Here’s what we tasted:

• Cafe Agave Spiked Cold Brew:

The offerings from this start-up business from San Diego’s La Jolla neighborhood distinguish themselves by being the booziest of the bunch. They clock in at 12.5 percent alcohol by volume, more than twice that of the others we tasted, with a base of wine instead of malt. The company has four flavors: espresso, mocha, vanilla-cinnamon and salted caramel.

We detected the alcohol-forward profile of all of them — as well as a cloying sweetness we attributed to the namesake agave syrup — but we were divided on whether this was a good or bad thing.
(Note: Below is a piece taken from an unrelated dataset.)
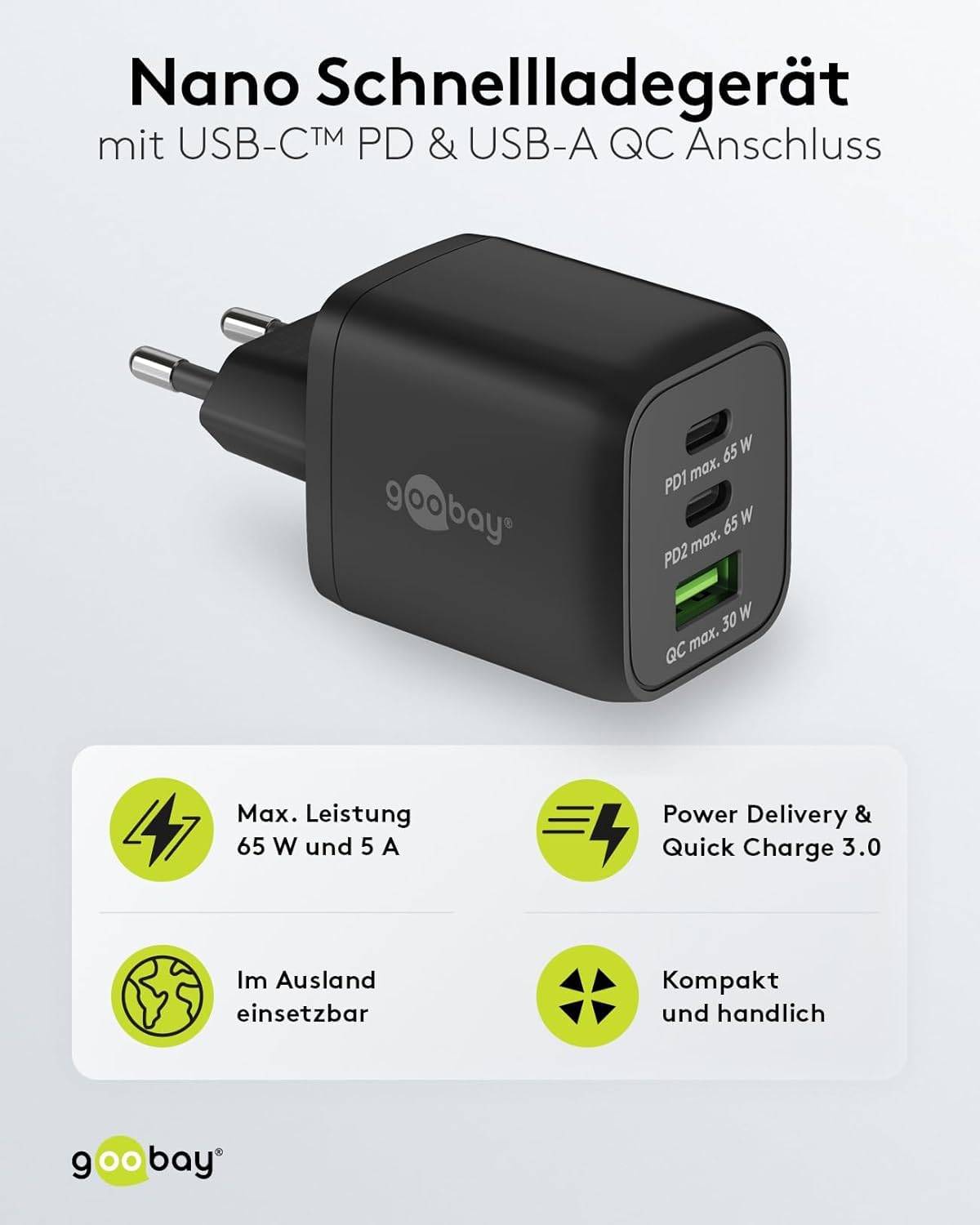 Goobay Nano USB Netzteil 65W Power Delivery Charger, 3 Port Universal Ladegerät, USB-C & USB-A Adapter, Schwarz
One taster panned the “unpleasant alcohol burn,” while another liked that “at least it’s not pretending it’s not booze.” The salted caramel and vanilla-cinnamon varieties were across-the-board losers, while the mocha and espresso cans fared better.

• La Colombe Hard Cold Brew:

The pairing of a legit coffee brand with a beer behemoth made us optimistic about this one. And the can’s sleek gold-on-navy design was another classy clue. Once poured, the line (it comes in black and vanilla-flavored, both 4.2 percent ABV) also distinguished itself by being the only one we tasted to omit dairy, meaning the concoctions were lighter-bodied and less dessert-like.

The black variety was preferred, with our tasters agreeing that it tasted like a regular chilled coffee or espresso — a decent bean even, with one sipper detecting a pleasant “berry bitterness.” We preferred the minimal sweetness of the black over the vanilla, which one likened to “the watery end of some vanilla Frappuccino that you sip through a straw before tossing the cup in the trash.”

• Newground Hard Dutch Latte:

This Dutch import comes in two latte varieties: chai and regular cafe. The pale, weakly spiced chai got low marks, but several tasters thought the cafe latte, with its heavy-bodied creaminess, could swap in for an after-dinner drink, though at 5 percent ABV it’s lower-octane than most nightcaps. “Reminds me of Baileys Irish Cream,” one said.

• Pabst Blue Ribbon Hard Coffee:

Our tasters identified something awfully familiar about the flavor of this one, but there was no consensus on just what it was. “Nestl? Quik,” one suggested. Other sweets that it conjured included “a liquefied malted-milk ball,” a “milkshake” and a “melted Snickers.” So dessert, then — with a 5 percent ABV kick, that is.

Perhaps it was the nostalgic associations that made at least one of us cop to a guilty-pleasure attraction to the can: “Why am I ashamed to say I like it?”